WHAT NEEDS TO BE DONE =>
All lines of the material should be given again exactly.

DATA FOR PROCESSING =>
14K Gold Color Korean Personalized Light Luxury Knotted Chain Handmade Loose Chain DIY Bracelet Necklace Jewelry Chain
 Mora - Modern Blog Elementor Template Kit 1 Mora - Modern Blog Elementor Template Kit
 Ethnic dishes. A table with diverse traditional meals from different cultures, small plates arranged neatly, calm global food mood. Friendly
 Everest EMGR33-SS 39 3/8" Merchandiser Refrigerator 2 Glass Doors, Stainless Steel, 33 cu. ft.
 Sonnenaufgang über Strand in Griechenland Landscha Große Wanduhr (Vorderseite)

WRITTEN SOLUTION =>
14K Gold Color Korean Personalized Light Luxury Knotted Chain Handmade Loose Chain DIY Bracelet Necklace Jewelry Chain
 Mora - Modern Blog Elementor Template Kit 1 Mora - Modern Blog Elementor Template Kit
 Ethnic dishes. A table with diverse traditional meals from different cultures, small plates arranged neatly, calm global food mood. Friendly
 Everest EMGR33-SS 39 3/8" Merchandiser Refrigerator 2 Glass Doors, Stainless Steel, 33 cu. ft.
 Sonnenaufgang über Strand in Griechenland Landscha Große Wanduhr (Vorderseite)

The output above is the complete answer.